The two T28 prototypes underwent evaluation at the Aberdeen Proving Grounds in Maryland and at the Fort Knox, Kentucky facilities up until about 1947. One of the prototype T28s was damaged by an engine fire during additional trials at the Yuma Proving Grounds in Arizona and was scrapped as a result. Needless to say, the T28 would never see operational service with the American Army. The major problem ultimately became the engine, this being very underpowered for the vehicle's operating weight and, while directly limiting basic performance specifications, serving to limit the T28's obstacle-climbing capability - a must-have quality for any tank of note since the days of World War 1. Consider that the vehicle's weight was also over the maximum limit of portable and structural bridges of the day - particularly the many old bridges across Europe - and the T28 never truly held any realistic advantage.
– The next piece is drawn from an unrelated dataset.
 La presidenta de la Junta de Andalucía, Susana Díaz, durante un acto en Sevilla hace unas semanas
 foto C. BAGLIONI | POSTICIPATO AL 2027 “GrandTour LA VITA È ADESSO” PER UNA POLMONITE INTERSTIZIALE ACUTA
The end of World War 2 more or less sealed the fate of "mega-tank" projects like the T28 and the German "Maus", the latter facing similar limitations.
The later stages of the T28 heavy tank development turned to the T29 and T30 heavy tank designs - these two developments being "true" turreted tank designs. The T29 mounted the same cannon as the T28 with less armor and more machine guns while the T30 was to use a larger-caliber gun (155mm L/40) with a more powerful engine (a Continental AV1790-3 air-cooled gasoline engine displacing 704 horsepower). These further developments closed the T28 program for good sometime in October of 1947. The 70-ton T29 went on to see trials but was never contracted for production. Similarly, the 72.5-ton T30 was never to see the light of day.
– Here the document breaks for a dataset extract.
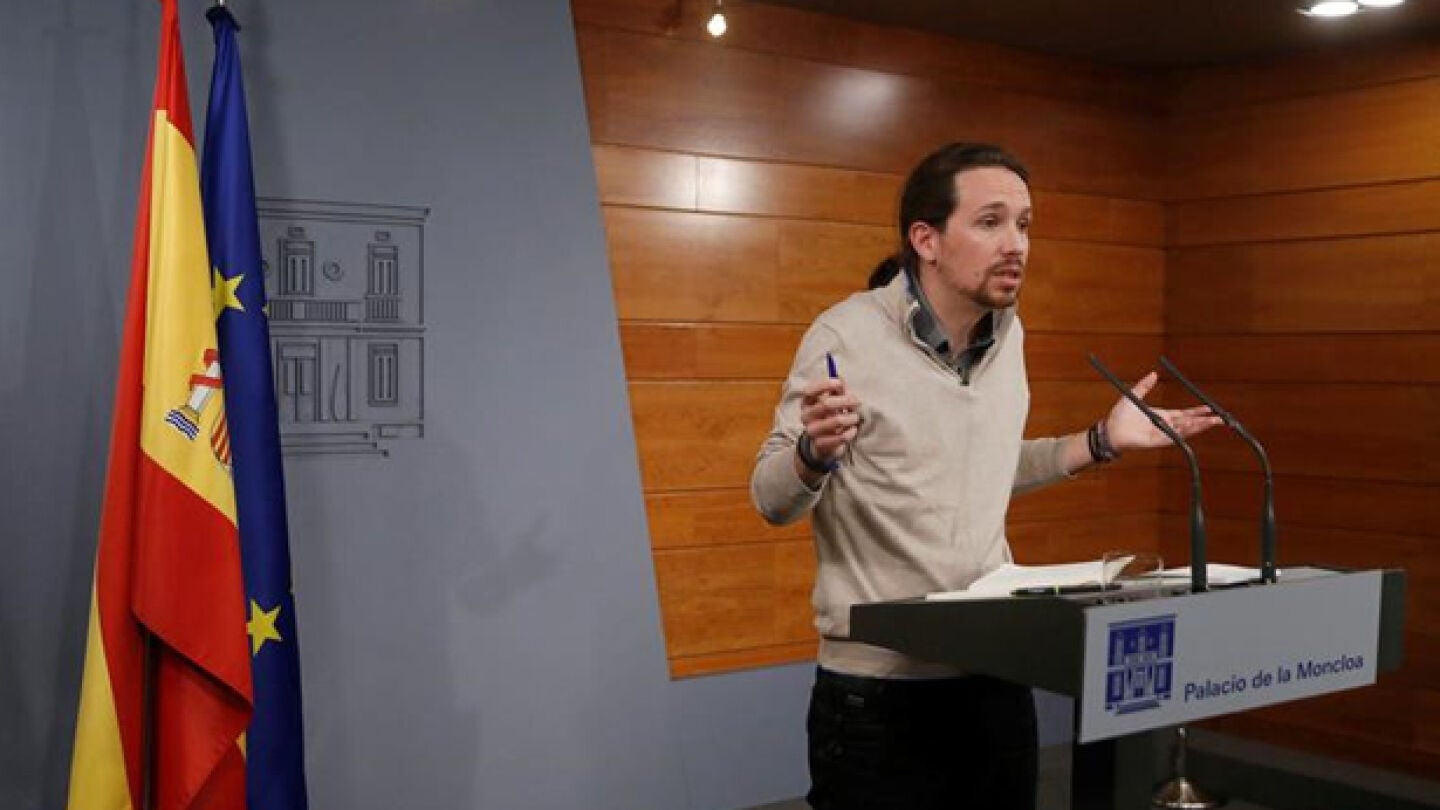 Pablo Iglesias en Moncloa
In 1974, the second T28 prototype was found rusting in the outdoor environment in a field at Fort Belvoir, Virginia. As the only remaining example of a T-28 tank, she was reconstituted to optimal display condition and put on display, calling the Patton Museum in Kentucky her home for many years following. As of this writing, this surviving T28/T95 is in the process of transferring to her new home at Fort Benning, Georgia. A pair of the developmental T29s can also be found at Fort Knox, Kentucky - one at the front of Marshall Bay and the other at the front of the Patton Museum. The T30 can be found at Fort Knox as well, this in front of Marshall Hall.
In effect, all three of these oft-forgotten designs serve as a window to the past - where wartime experience ushered in an age of creative thinking to seemingly impossible problems considering warfare. Despite their "failure" in the real world, these super heavy tanks should not be viewed as follies but instead serve to promote the ingenuity inherent in those involved in a true global life-and-death struggle that only a remaining few today will ever understand.